[[ Data to use open ]]

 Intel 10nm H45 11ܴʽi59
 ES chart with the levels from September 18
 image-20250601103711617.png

[[ Data to use closed ]]
[[ Data to use open ]]

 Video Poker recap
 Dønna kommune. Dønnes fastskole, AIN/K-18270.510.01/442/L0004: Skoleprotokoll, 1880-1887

[[ Data to use closed ]]
[[ Data to use open ]]

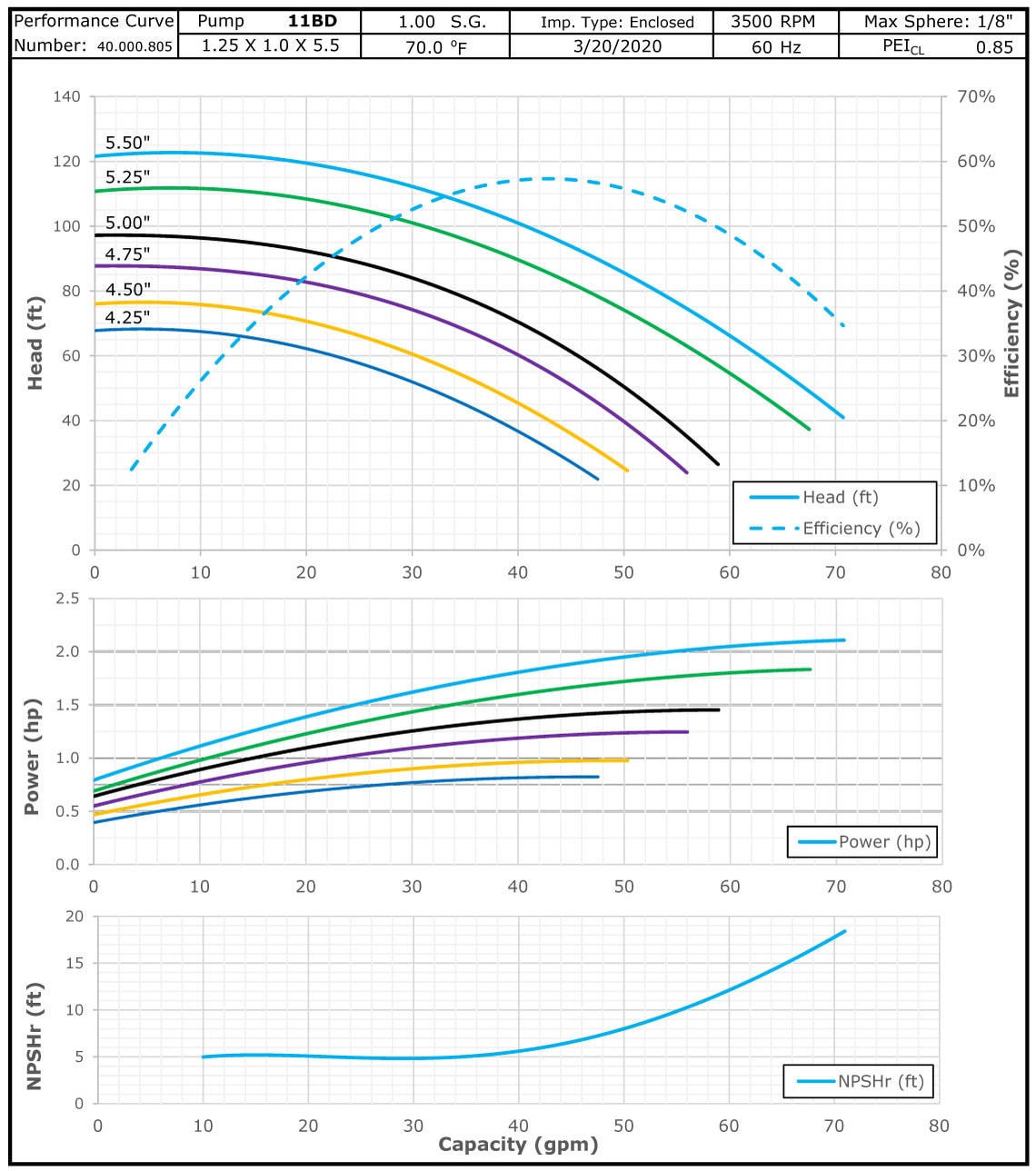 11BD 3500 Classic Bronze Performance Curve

[[ Data to use closed ]]

Exercise aim → What is needed is a verbatim copy of every line in the records above from the one containing "Intel 10nm H45 11ܴʽi59" down to the one containing "image-20250601103711617.png", both included, and nothing more.

Answer to this problem →
 Intel 10nm H45 11ܴʽi59
 ES chart with the levels from September 18
 image-20250601103711617.png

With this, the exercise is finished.